Gunhild Stordalen, a board member of the environmental organization ZERO, which organizes the annual race, is also on the Hydro team. The team is rounded out with NRK program host Asbjørn Slettemark. Hydro's car is a Mercedes Benz B-Class.
"I think we have a great team. It is tempting to quote Mercedes' own promotional ad: 'Men of steel drive cars of aluminium'," says Brandtzæg with a smile.
The car they will be driving is powered by a hydrogen fuel cell engine. This means that the car's only emission is water vapor. The water is clean enough to drink.
"The transportation sector accounts for 25 percent of the world's energy consumption. If we are to solve the climate change problem, then we must significantly reduce emissions from cars and other vehicles," says Brandtzæg.

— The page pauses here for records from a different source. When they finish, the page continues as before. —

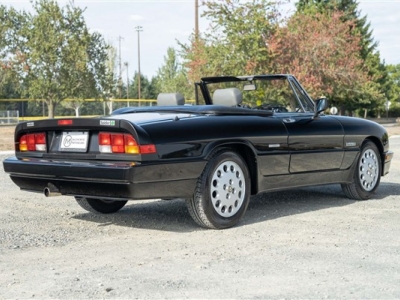1989 Alfa Romeo Spider Quadrifoglio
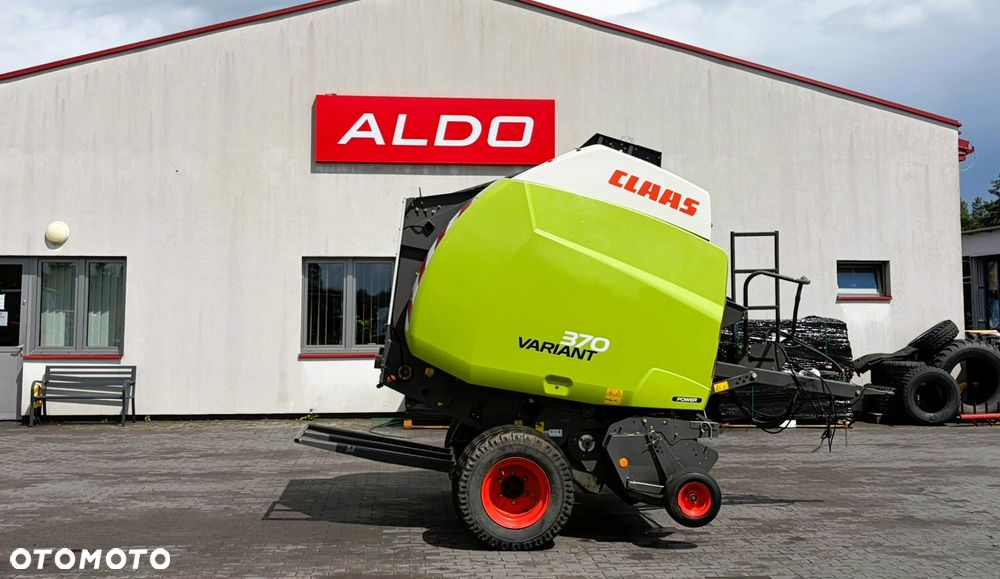 Claas Variant 370 - 8
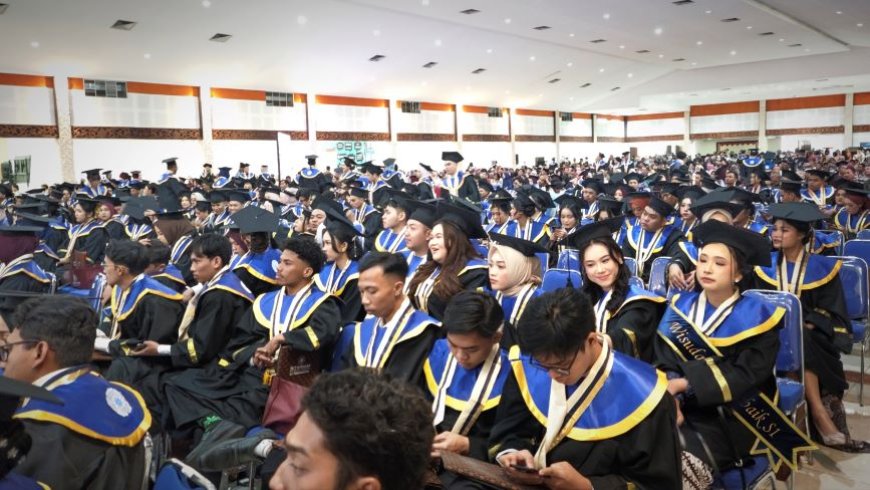 Stipram Melepas 835 Lulusan, Diminta Jaga Nama Baik Almamater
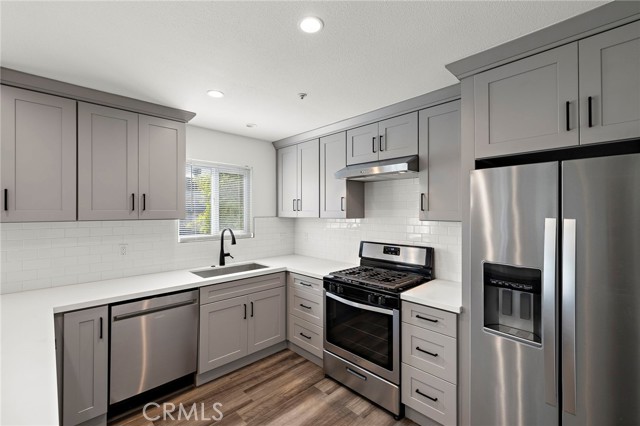 Detail Gallery Image 8 of 16 For 161 Avenida Florencia a,  San Clemente,  CA 92672 - 2 Beds | 1/1 Baths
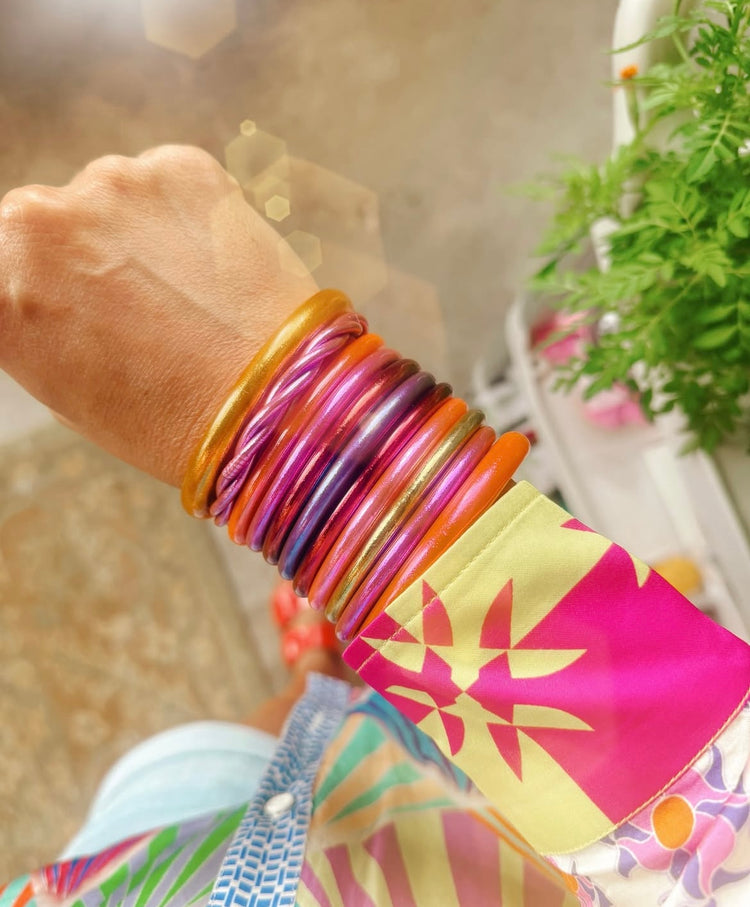 WomanShopsWorld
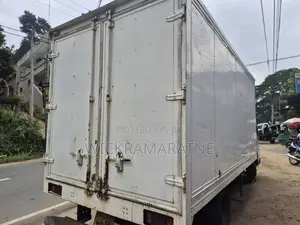 Isuzu NKR71L 2000 Lorry (Used)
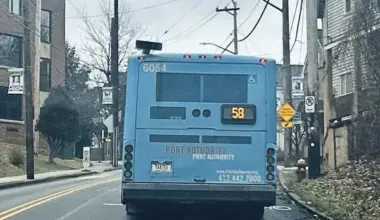 Woman struck by bus in Oakland
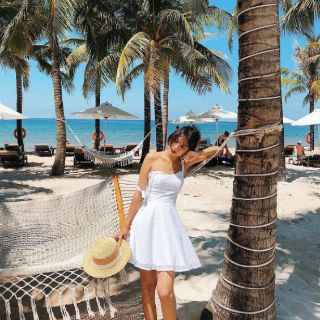 Đầm xô trắng mút ngực cột vai (có cận vải)
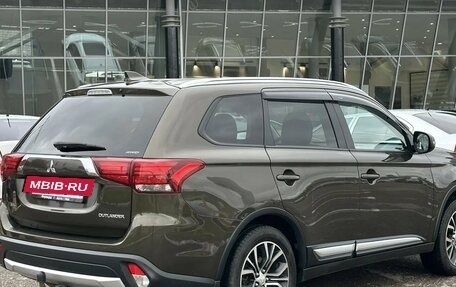 Mitsubishi Outlander III рестайлинг 3, 2017 год, 1 615 000 рублей, 6 фотография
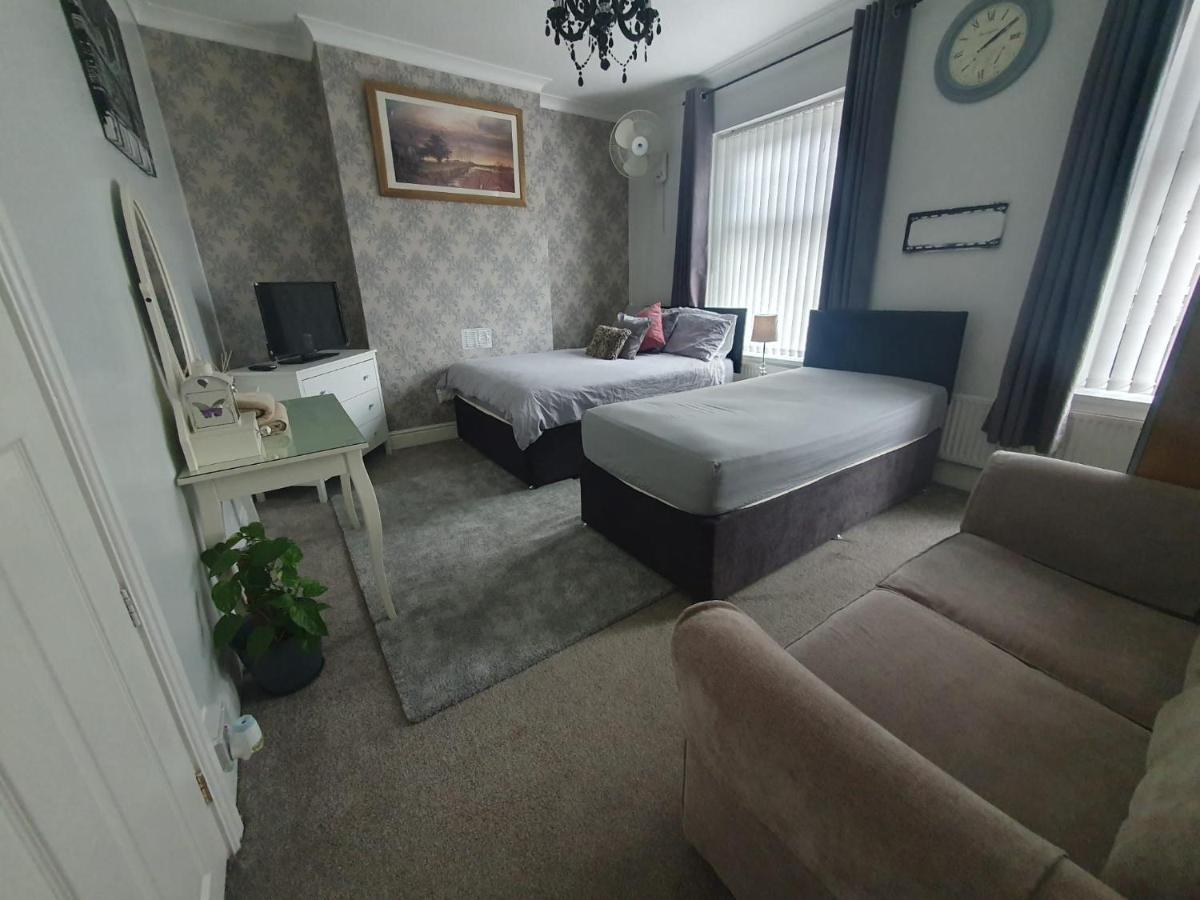 Private Luxury Double Room In Кардифф Экстерьер фото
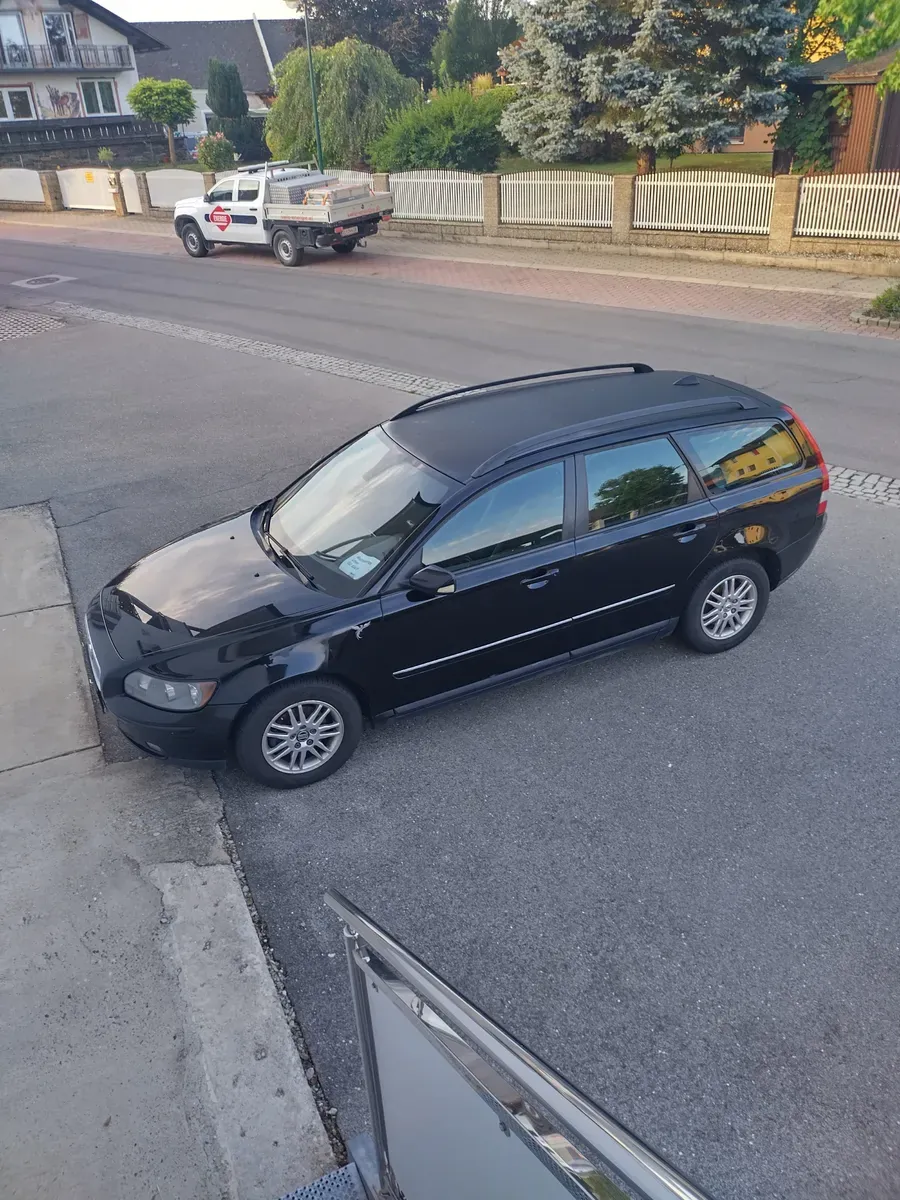 Volvo V50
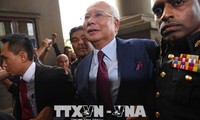 Mantan PM Malaysia, Najib Razak dibawa ke pengadilan dan harus menghadapi tuduhan korupsi
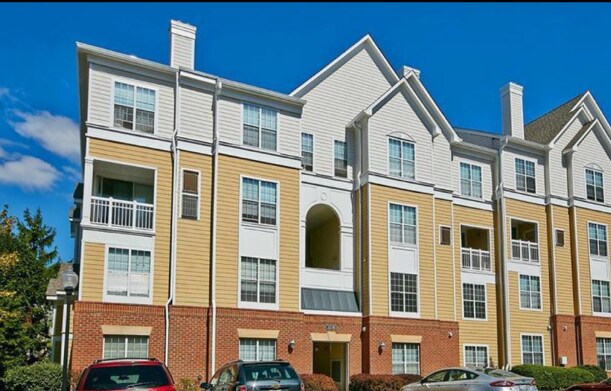 Building Photo - 2110 Highcourt Ln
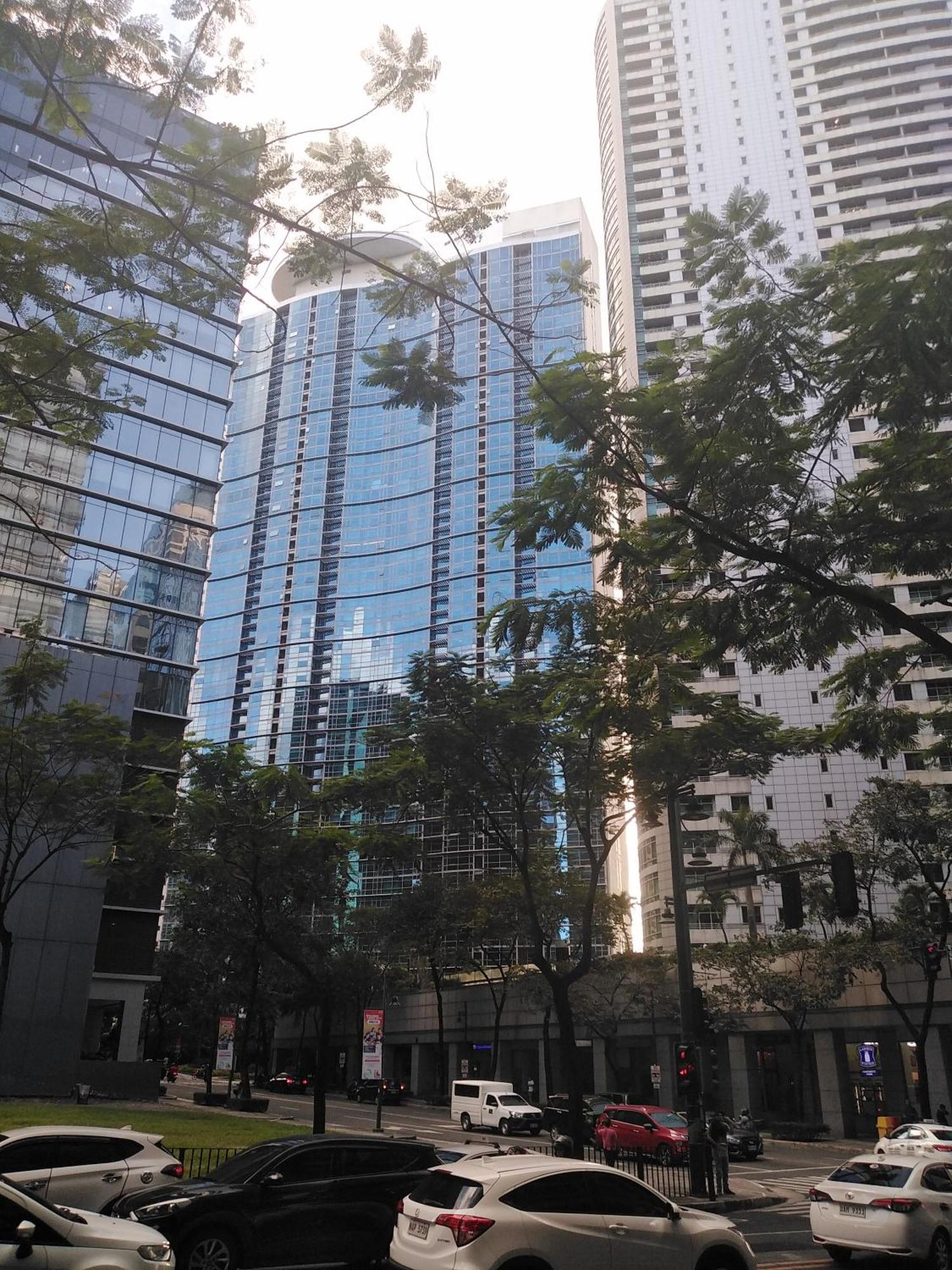 2 Bedrooms Units Forbes Area 5Th Avenue Bgc Center マニラ市 エクステリア 写真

Car manufacturers want more aluminium
Stricter emission standards are the reason why automakers are using more aluminium in the cars they produce. The reason is simple. The more aluminium that replaces other heavier materials, the lighter cars will be. This results in lower fuel consumption and lower emissions.
"Regardless of whether it is hydrogen cars or electric cars that eventually become the winning technology for the future, I feel confident that aluminium will be part of the solution," says Brandtzæg.
Hydro is one of the world's largest producers of aluminium for the auto industry, and each year sells about 800,000 tonnes of aluminium for use in vehicle production. This means that Hydro supplies about a third of all the primary aluminium used in cars in Europe.